Tu peux expliquer l’histoire derrière le son « Gantz! » ?
Suis tes démons, pourchasse-les et débarrasse-toi d’eux. Débarrasse-toi de la tristesse, de l’anxiété et des comportements toxiques. Ça peut aussi être le harcèlement, les pensées négatives et toutes ces merdes. C’est un track que j’ai écrit un peu comme un jeu vidéo : « I’m a Renegade Master, Sunshine Blaster »… Genre tu combats tes démons mentalement. « Gantz! » est peut-être l’une de mes chansons les plus introspectives, en tout cas sur tout ce que j’ai en ligne, car j’en ai écrit d’autres depuis (sourire). Tout le texte reste une métaphore. Quand je parle de « démons », de « les tuer », est-ce sérieux ? À fond, mais ce n’est pas écrit de la façon la plus sérieuse. Certaines personnes écouteront le morceau et pigeront le message, d’autres ne resteront qu’à la surface.
Pourquoi est-ce si important pour toi de ne pas te limiter à un style défini ?
Je me sens bien quand je vois que je suis capable de réaliser des choses hors de ma zone de confort. Je sais ce dont je suis capable avec ma voix et ma musique… Et j’aime énormément de styles. Pourquoi se restreindre ?
Ton album arrive bientôt, un mot à ajouter pour nous teaser un peu ?

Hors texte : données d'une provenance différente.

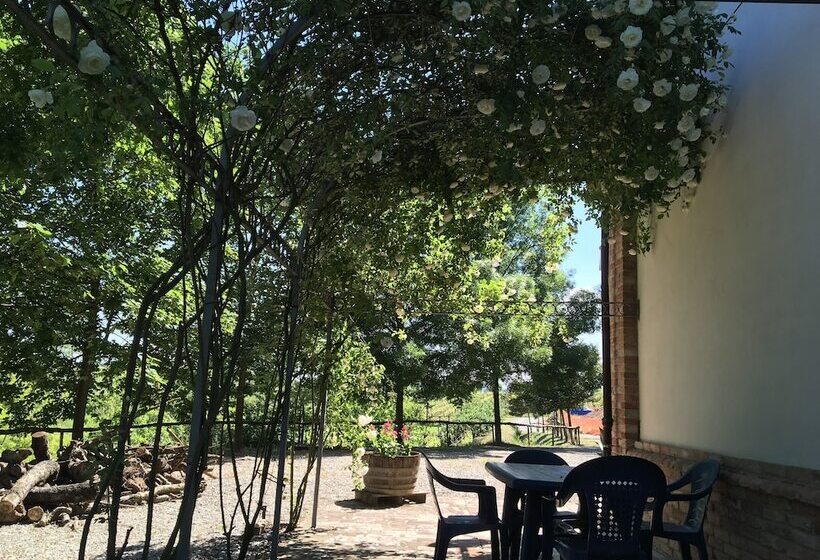 فندق Agriturismo Relais Il Bricco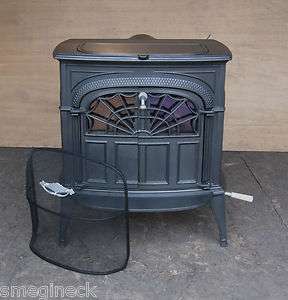 Vermont Castings Intrepid II Cat Wood Stove PU or Ship. MASS  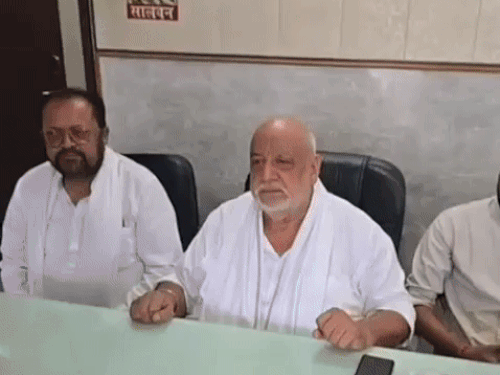 असंध में कुर्सी घोटाले को लेकर पीसी करते पूर्व काग्रेंसी विधायक शमशेर सिंह गोगी।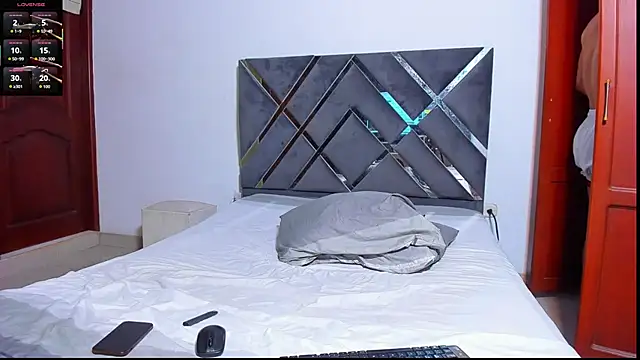 ArnoldSexy  online show from November 10, 5:01 pm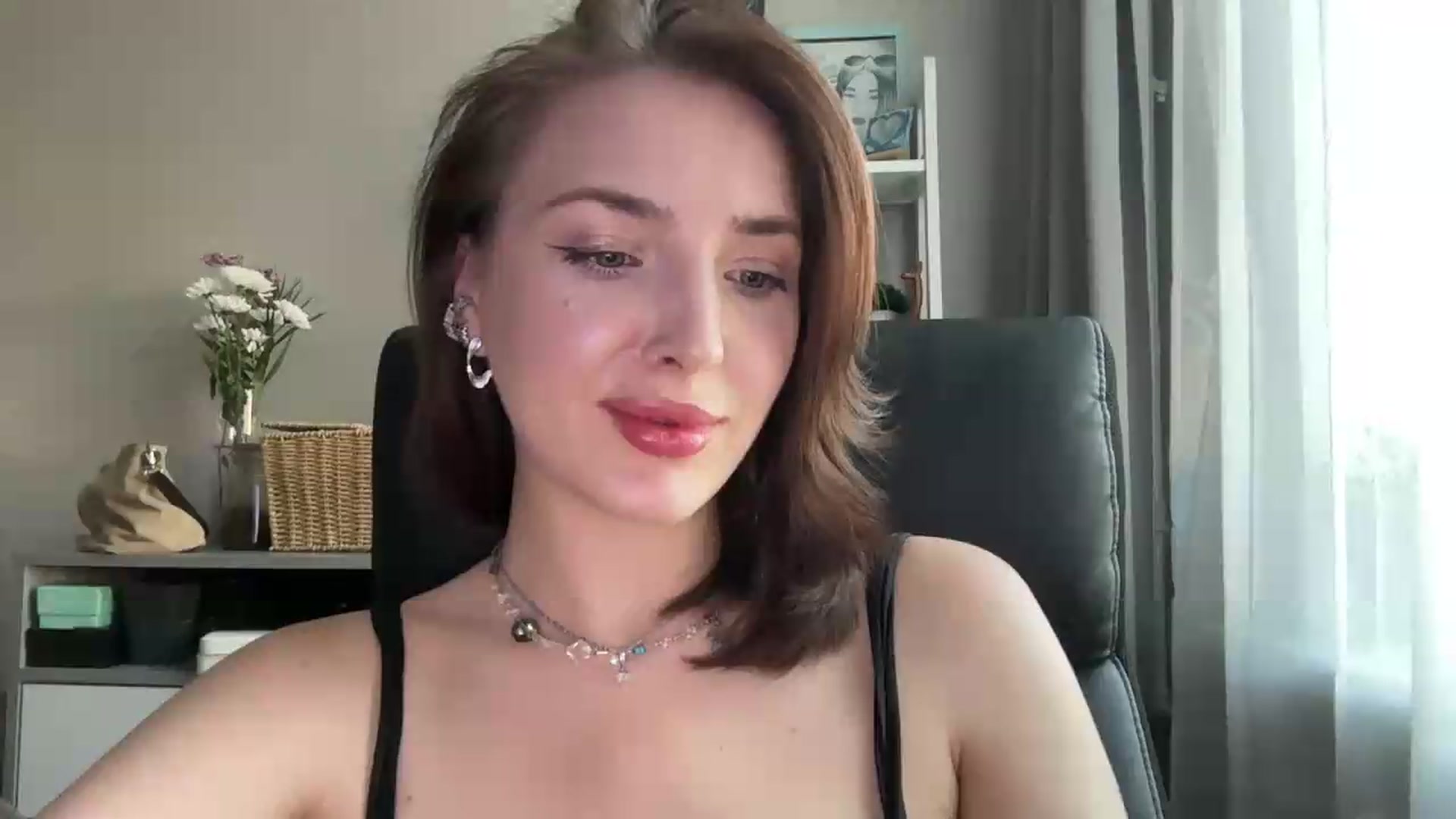 Gallery image thumbnail from Di_Pearl's myfreecams stream on, 06/20/2026, 15:47 image 14 of 20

DIRTYTWOMINUS raconte mon histoire. Une histoire où j’apprends à grandir dans un environnement très fermé d’esprit, dans lequel les gens commentent les choses comme si elles étaient irréalisables, alors qu’elles le sont vraiment. « I’m Taking A Stand », pour le dire simplement. Je ne laisserai jamais quelqu’un pourrir ma vision, je l’ai suffisamment fait dans ma vie. « I’ve Been Done Dirty ». J’ai enfin assez de confiance pour dire oui ou non quand je le veux, et ça restera toujours le plus important pour moi.